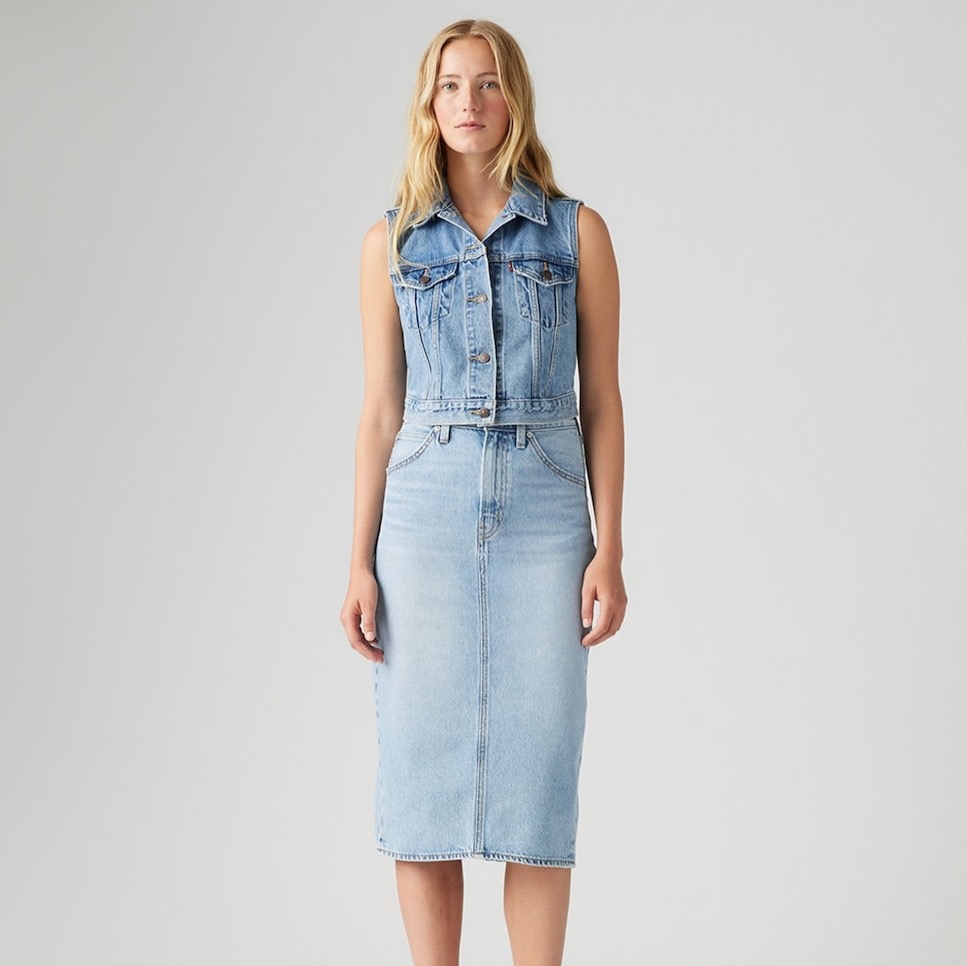 Falda midi vaquera Levi's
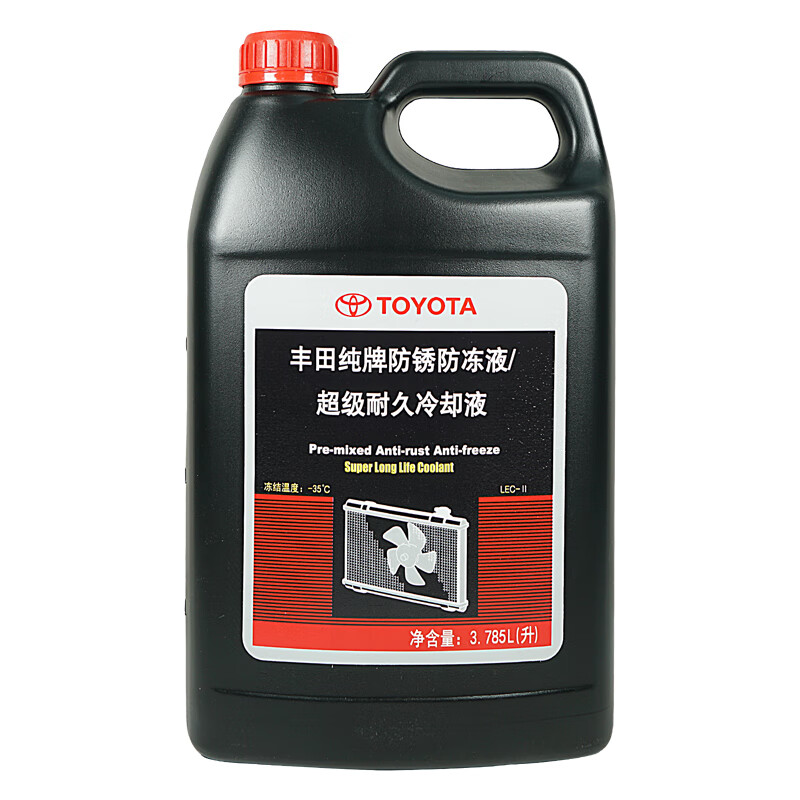 TOYOTA 丰田 汽车防冻液 粉红色 -35℃ 3.785L 191.2元（需用券）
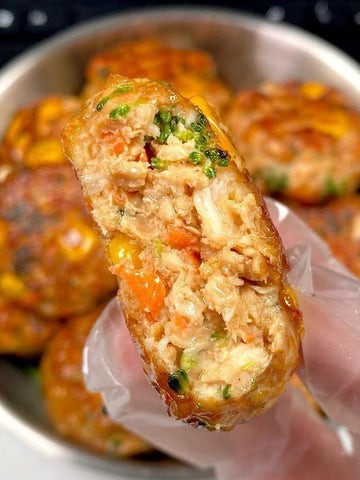 Chicken Veggie Pan-Fried Patties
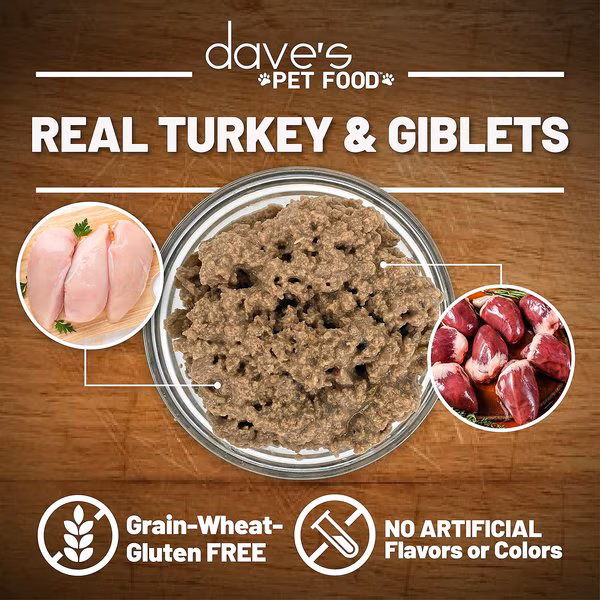 Dave’s Turkey and Giblets Pate Dinner – 12.5 oz.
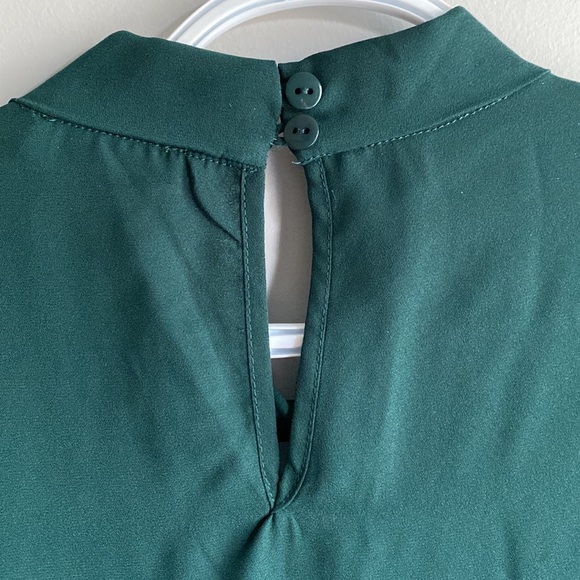 Forest Green Blouse from Ricki’s Size 16 - Picture 5 of 8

============================================================

How to complete this task: Take only the line containing "Dave’s Turkey and" and every line after it to the end of the entries, and copy them exactly, pictures excluded.

Task response:
 Dave’s Turkey and Giblets Pate Dinner – 12.5 oz.
 Forest Green Blouse from Ricki’s Size 16 - Picture 5 of 8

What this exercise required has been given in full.